Dans tous les genres, dans les arts, dans les sciences, dans la politique, il n’y a de grands hommes que par comparaison. Voilà pourquoi il y eut tel pays où à certaine époque l’on fut grand homme à peu de frais. Le Czar Pierre est arrivé dans un de ces pays-là, non qu’il n’eût un caractère élevé et d’une force extraordinaire, mais son esprit minutieux bornait ses vues et ses volontés, Le mal qu’il a fait lui survit, car il a forcé ses héritiers de jouer la comédie sans cesse comme il la jouait lui-même.

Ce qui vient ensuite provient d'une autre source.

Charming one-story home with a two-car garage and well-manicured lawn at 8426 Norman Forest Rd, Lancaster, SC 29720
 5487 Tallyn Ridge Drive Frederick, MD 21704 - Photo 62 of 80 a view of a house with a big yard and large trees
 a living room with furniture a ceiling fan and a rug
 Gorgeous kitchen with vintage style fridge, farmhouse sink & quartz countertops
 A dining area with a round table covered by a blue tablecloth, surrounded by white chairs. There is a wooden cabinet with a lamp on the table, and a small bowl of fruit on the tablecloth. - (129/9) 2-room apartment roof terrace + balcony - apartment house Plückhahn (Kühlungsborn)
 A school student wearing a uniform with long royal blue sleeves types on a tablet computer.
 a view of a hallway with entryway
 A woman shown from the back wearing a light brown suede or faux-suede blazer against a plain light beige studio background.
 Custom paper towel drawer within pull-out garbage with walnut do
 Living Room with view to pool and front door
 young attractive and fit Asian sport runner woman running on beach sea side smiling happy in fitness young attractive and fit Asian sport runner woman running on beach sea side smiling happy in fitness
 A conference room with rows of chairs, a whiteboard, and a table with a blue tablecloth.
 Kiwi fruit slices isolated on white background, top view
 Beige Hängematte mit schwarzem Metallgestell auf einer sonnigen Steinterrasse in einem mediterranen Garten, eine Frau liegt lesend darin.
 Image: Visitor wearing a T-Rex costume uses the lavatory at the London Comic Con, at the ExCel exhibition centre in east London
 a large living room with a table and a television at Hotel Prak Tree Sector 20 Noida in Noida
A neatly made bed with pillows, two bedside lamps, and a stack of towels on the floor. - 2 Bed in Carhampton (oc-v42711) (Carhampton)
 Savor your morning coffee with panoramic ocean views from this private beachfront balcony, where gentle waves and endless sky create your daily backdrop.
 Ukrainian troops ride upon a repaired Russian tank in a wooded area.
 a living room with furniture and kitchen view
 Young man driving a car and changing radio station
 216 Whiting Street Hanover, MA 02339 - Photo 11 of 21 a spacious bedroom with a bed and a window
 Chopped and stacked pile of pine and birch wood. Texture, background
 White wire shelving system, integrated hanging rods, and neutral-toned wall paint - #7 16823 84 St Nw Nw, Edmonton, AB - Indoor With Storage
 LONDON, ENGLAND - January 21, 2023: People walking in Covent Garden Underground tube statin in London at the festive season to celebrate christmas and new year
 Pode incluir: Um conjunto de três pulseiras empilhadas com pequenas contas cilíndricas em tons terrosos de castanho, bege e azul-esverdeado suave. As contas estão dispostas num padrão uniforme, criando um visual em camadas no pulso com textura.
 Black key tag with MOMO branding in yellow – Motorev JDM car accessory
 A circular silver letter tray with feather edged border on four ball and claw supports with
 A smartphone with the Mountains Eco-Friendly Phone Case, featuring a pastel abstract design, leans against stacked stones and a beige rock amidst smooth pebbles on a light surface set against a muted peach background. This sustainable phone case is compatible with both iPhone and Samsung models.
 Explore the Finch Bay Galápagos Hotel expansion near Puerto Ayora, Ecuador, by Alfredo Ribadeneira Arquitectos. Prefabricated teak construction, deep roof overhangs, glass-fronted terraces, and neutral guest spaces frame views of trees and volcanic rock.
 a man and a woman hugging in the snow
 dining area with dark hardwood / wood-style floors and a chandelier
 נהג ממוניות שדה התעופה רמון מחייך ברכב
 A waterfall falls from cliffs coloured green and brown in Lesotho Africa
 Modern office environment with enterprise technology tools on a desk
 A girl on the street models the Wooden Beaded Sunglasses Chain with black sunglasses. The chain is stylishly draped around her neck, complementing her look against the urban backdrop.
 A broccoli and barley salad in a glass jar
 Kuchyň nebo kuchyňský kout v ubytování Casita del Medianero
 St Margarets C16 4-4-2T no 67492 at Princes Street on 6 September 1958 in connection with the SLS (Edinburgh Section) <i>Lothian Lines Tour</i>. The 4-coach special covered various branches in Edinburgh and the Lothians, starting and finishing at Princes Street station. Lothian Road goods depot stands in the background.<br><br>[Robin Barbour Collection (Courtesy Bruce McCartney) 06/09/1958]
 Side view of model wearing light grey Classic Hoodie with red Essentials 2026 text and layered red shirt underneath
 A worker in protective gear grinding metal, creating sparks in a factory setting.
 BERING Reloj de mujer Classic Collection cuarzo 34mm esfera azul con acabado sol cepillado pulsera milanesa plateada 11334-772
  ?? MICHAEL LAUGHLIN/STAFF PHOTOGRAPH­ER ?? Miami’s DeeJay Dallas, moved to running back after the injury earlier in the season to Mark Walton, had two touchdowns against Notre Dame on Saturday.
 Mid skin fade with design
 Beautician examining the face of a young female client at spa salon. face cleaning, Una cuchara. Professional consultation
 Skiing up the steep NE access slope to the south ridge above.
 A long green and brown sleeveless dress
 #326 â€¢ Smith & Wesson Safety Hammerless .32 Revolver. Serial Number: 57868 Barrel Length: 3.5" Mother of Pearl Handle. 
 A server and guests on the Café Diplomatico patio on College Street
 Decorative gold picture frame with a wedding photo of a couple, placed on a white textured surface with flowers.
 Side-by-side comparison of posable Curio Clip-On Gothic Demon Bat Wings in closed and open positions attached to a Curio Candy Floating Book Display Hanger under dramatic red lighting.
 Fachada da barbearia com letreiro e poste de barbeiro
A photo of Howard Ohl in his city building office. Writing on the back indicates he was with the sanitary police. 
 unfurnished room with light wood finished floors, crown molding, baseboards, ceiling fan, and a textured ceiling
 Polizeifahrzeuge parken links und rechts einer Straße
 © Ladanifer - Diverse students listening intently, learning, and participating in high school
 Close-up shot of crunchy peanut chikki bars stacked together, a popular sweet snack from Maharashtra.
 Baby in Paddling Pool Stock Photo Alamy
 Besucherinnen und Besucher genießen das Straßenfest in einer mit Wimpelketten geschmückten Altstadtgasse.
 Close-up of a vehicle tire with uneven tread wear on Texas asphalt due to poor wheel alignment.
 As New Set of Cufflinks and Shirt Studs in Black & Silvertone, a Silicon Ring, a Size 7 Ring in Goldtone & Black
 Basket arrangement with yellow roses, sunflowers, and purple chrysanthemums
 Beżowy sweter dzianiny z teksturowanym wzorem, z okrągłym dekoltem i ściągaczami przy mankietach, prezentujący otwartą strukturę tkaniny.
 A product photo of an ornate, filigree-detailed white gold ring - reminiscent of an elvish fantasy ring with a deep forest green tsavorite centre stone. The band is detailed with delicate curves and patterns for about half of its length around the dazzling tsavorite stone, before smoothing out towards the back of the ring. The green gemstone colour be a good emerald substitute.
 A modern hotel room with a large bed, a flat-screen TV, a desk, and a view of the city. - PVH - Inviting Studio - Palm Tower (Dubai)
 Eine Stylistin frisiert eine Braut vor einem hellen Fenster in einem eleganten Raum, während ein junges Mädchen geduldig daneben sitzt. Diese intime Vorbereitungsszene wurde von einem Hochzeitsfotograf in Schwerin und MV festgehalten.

Quand il n’y a point d’humanité dans les lois, et, ce qui est pis, point d’inflexibilité dans l’application des lois, le souverain succombe à sa propre justice ; ce qui n’empêche pas les Russes de nous répéter avec emphase, à tout propos, que la peine de mort est abolie chez eux ; d’où ils nous obligent à conclure, selon eux, que la Russie est de toutes les nations de l’Europe la plus civilisée… juridiquement parlant.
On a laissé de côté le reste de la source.